> **About this exercise**: Where a picture occurs in the data, omit it, and copy all remaining data exactly.

> **Data segment**:
####

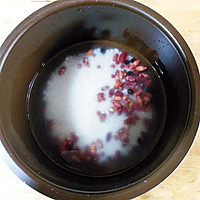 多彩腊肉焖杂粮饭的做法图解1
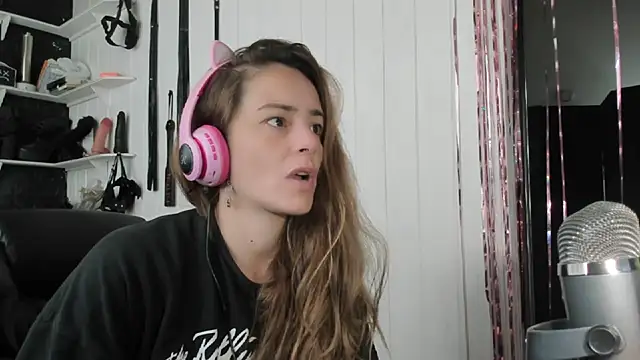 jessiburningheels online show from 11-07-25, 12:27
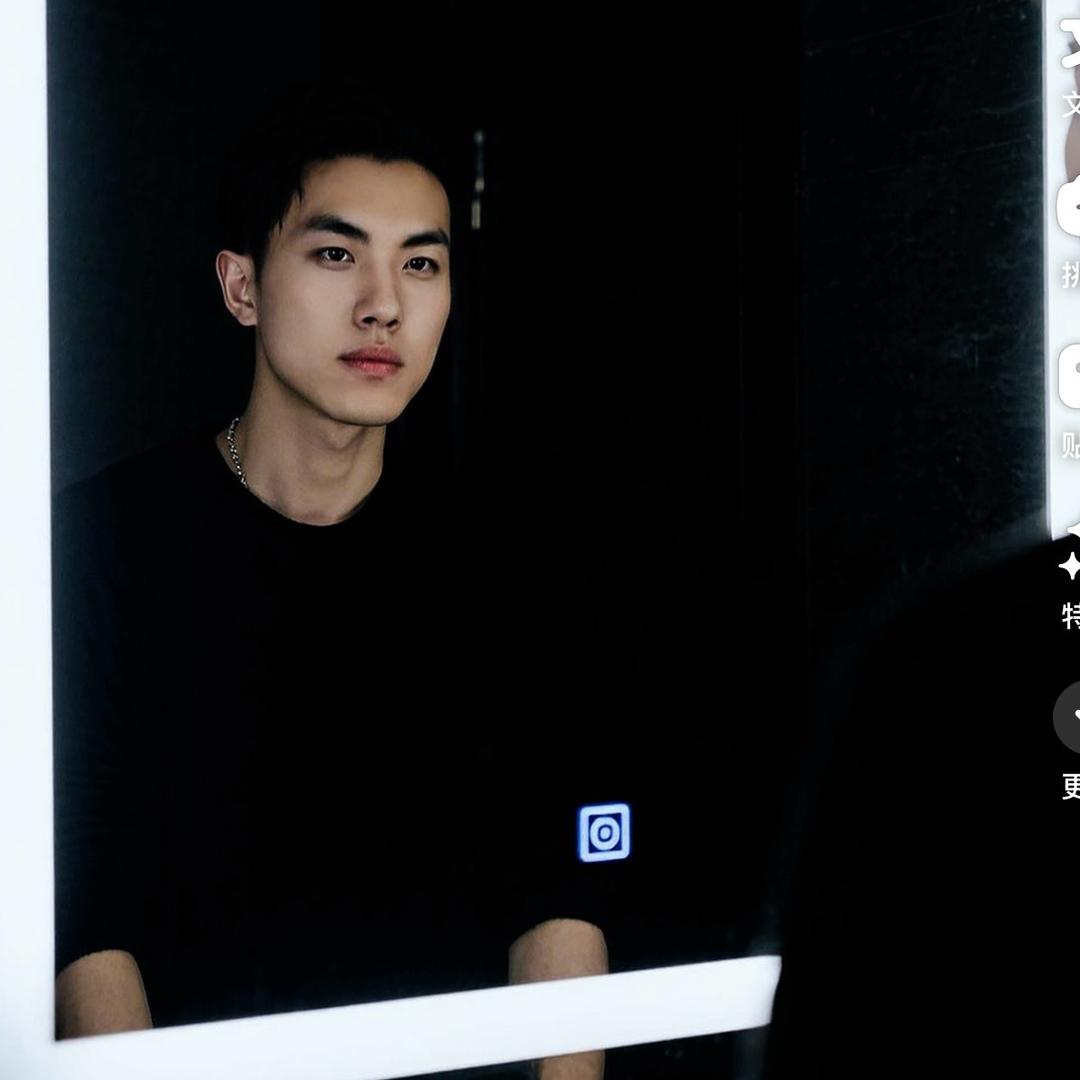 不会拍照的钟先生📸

####

> **Result below**:
 多彩腊肉焖杂粮饭的做法图解1
 jessiburningheels online show from 11-07-25, 12:27
 不会拍照的钟先生📸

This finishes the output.